__Saved data entries__.
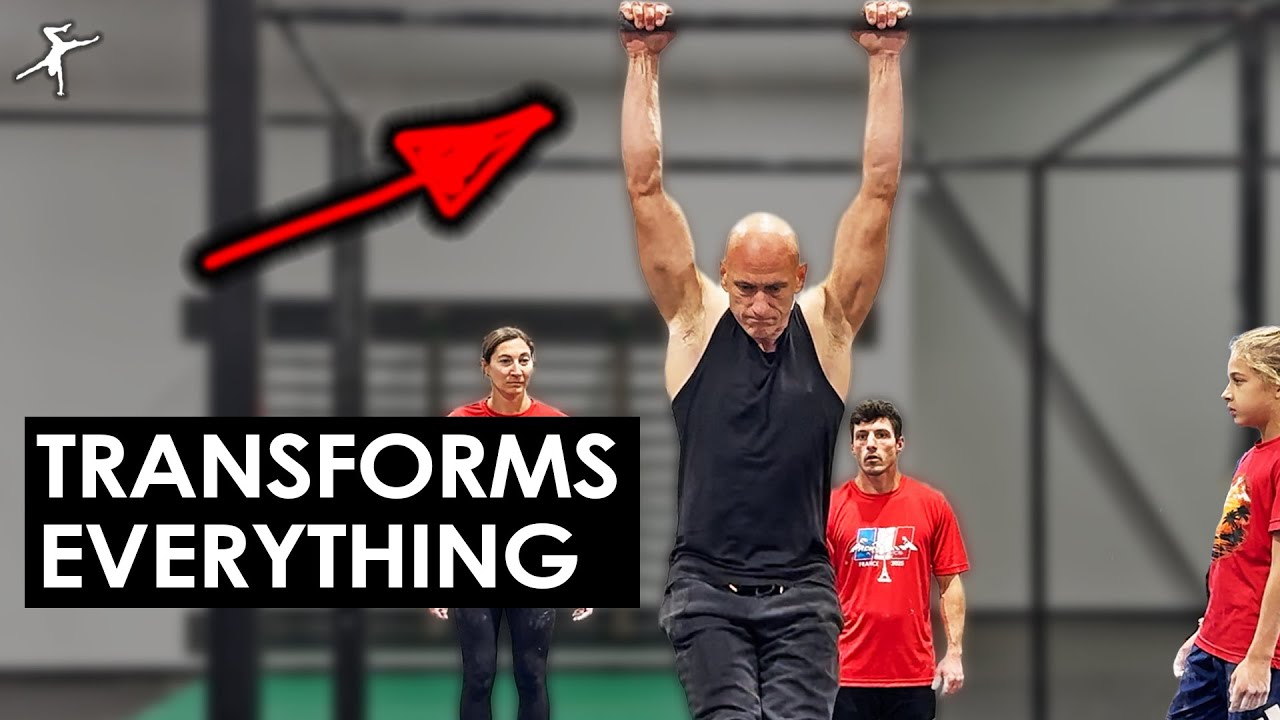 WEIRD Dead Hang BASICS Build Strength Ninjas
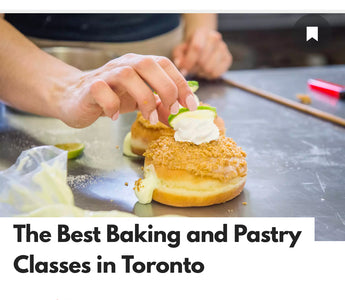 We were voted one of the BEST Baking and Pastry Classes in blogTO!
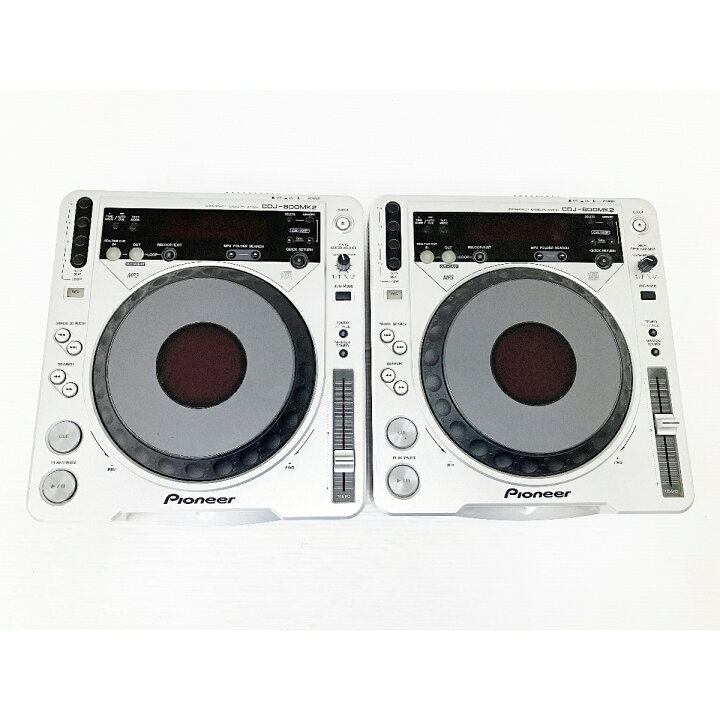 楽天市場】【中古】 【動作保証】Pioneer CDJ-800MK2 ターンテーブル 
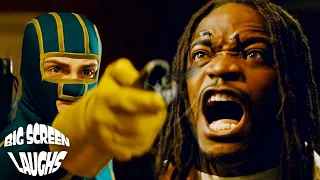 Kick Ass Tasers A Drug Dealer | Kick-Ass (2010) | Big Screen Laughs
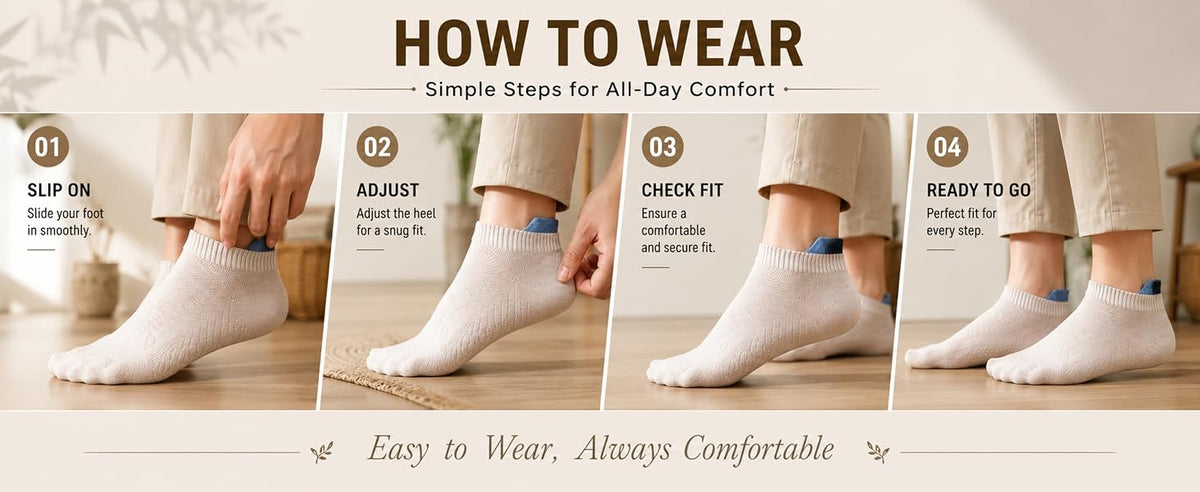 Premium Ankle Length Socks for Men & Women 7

__Exercise__. Please set down, exactly and with nothing added, the lines from the line with "楽天市場】【中古】 【動作保証】Pioneer CDJ-800MK2 ターンテーブル" to the end of the entries above, omitting pictures.

__Your response__.
 楽天市場】【中古】 【動作保証】Pioneer CDJ-800MK2 ターンテーブル 
 Kick Ass Tasers A Drug Dealer | Kick-Ass (2010) | Big Screen Laughs
 Premium Ankle Length Socks for Men & Women 7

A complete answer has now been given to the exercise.